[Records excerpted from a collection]
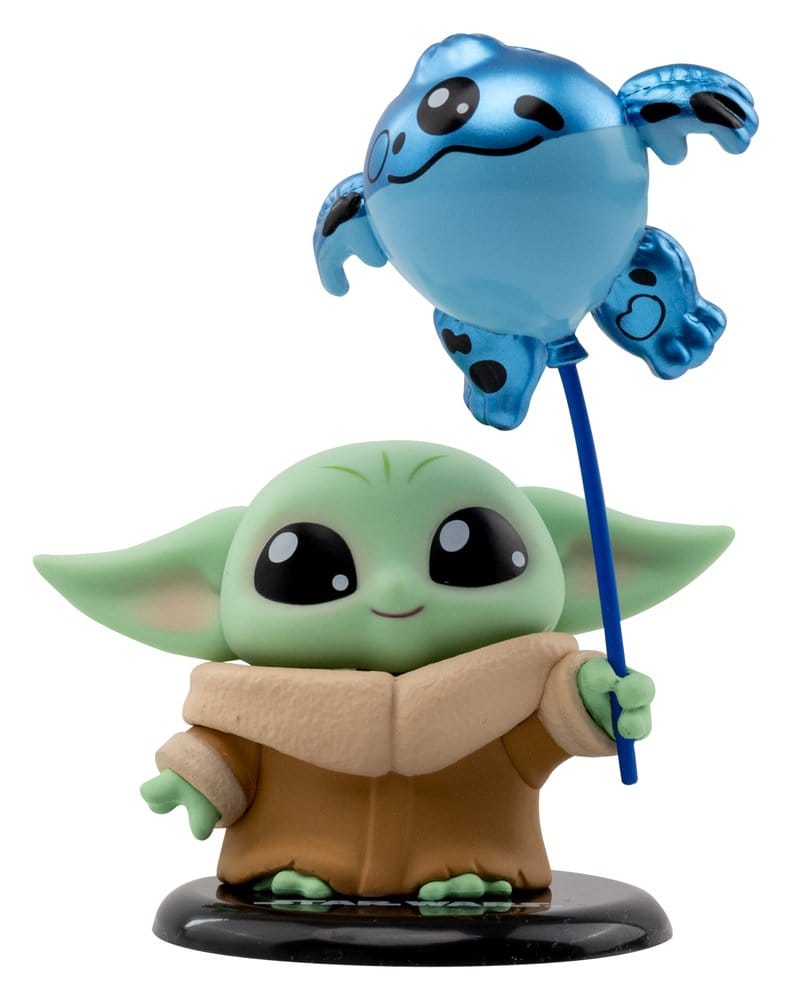 STAR WARS - Balloon Cosbi - Assort 8 Figurines BLIND BOX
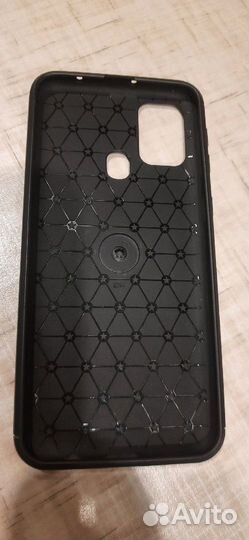 Чехол Бампер для телефона Samsung M31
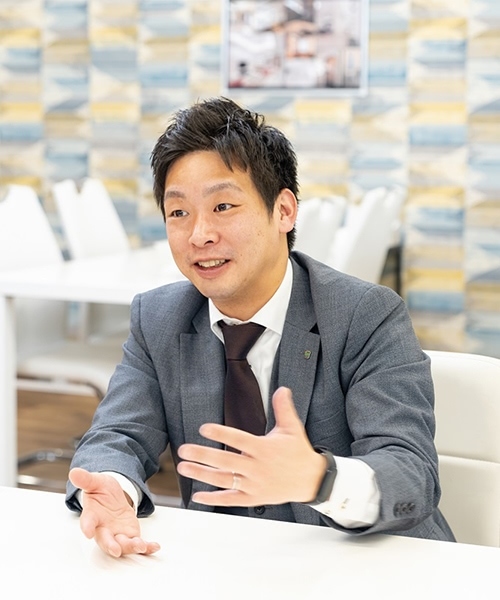 志木店店長 佐藤義久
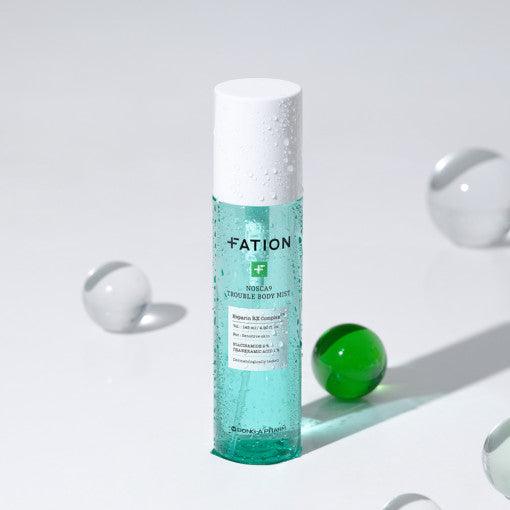 FATION Nosca9 Trouble Body Mist 145ml-thekimyoung.com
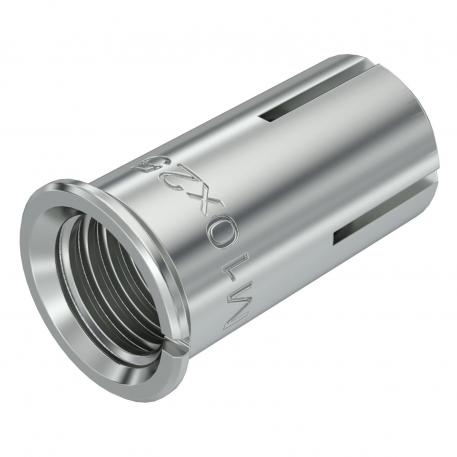 Drop-in anchor for multiple fastening G 25 | M10 | 1,9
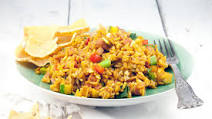 Easy nasi goreng Easy nasi goreng
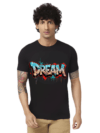 Haifa Imperial Men’s Black T-Shirt - Dream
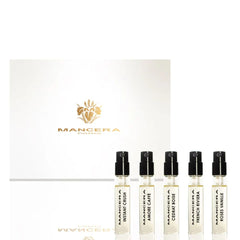 Discovery Set 5 x 8ml (0.27 oz) Eau de Parfum by Mancera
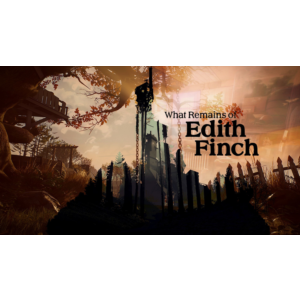 What Remains of Edith Finch - STEAM 🔥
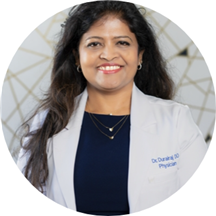 Dr. Bhuvaneswari Durairaj, DO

**WHAT TO WORK ON:** Pictures are not part of the copy; transcribe the rest of the data verbatim.

**PROBLEM SOLUTION:**
 STAR WARS - Balloon Cosbi - Assort 8 Figurines BLIND BOX
 Чехол Бампер для телефона Samsung M31
 志木店店長 佐藤義久
 FATION Nosca9 Trouble Body Mist 145ml-thekimyoung.com
 Drop-in anchor for multiple fastening G 25 | M10 | 1,9
 Easy nasi goreng Easy nasi goreng
 Haifa Imperial Men’s Black T-Shirt - Dream
 Discovery Set 5 x 8ml (0.27 oz) Eau de Parfum by Mancera
 What Remains of Edith Finch - STEAM 🔥
 Dr. Bhuvaneswari Durairaj, DO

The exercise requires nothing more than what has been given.